= Luis Sarria =

Luis Sarria (1911–1991) was a Cuban-American boxer who went on to become a trainer, masseur, and cutman. He was born on October 29, 1911, in Cumanayagua, Cuba, and died on November 19, 1991. He was posthumously inducted into the Florida Boxing Hall of Fame in 2013.

==Career==
Sarria was a member of Muhammad Ali's entourage for almost the entire duration of Ali's career. Prior to working with Ali, Sarria had worked with several prominent boxers including Luis Manuel Rodríguez, Florentino Fernández, Angel Robinson Garcia, and almost all boxers trained by Angelo Dundee up till then.

Ferdie Pacheco called Sarria "the dean of masseurs", and a "guru of fitness." According to Pacheco, Ali had handed over his body, and consequently his health and career, to Sarria. In an interview with Sports Illustrated, Angelo Dundee expressed his appreciation for Sarria's professional competence which, according to Dundee, resulted in enhancing Ali's physical fitness and "added years to Ali's boxing life." According to Gary Smith, it was widely believed that Sarria's fingers were able to dissolve fat on Ali's body.

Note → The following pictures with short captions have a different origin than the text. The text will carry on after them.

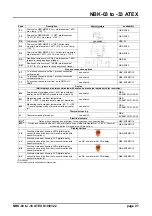 Preview for 27 page of Kobold NBK-ATEX Operating Instructions Manual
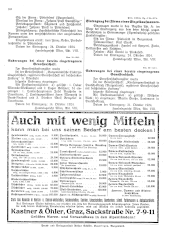 Landesamtsblatt für das Burgenland 19241104 Seite: 2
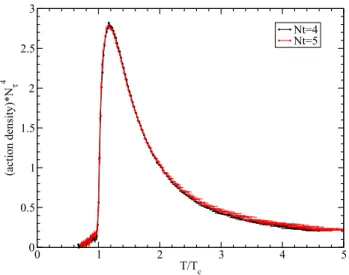 Fig. 10 Action density [ S 0 − S T ] N τ 4 . Note that results obtained at two different lattice spacings are compatible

Commenting on the times when he was a part of Ali's entourage, Sarria had observed:
The Ali years were unbelievable. I worked with him for all but two of his title fights. I was there from beginning to end. Ali treated me well. He gave me a down payment for my house and paid me a good salary, but many people around him were leeches. Angelo and the sparring partners earned their money but there were many in the camp that earned high salaries and did absolutely nothing…Few cared for him as a human being.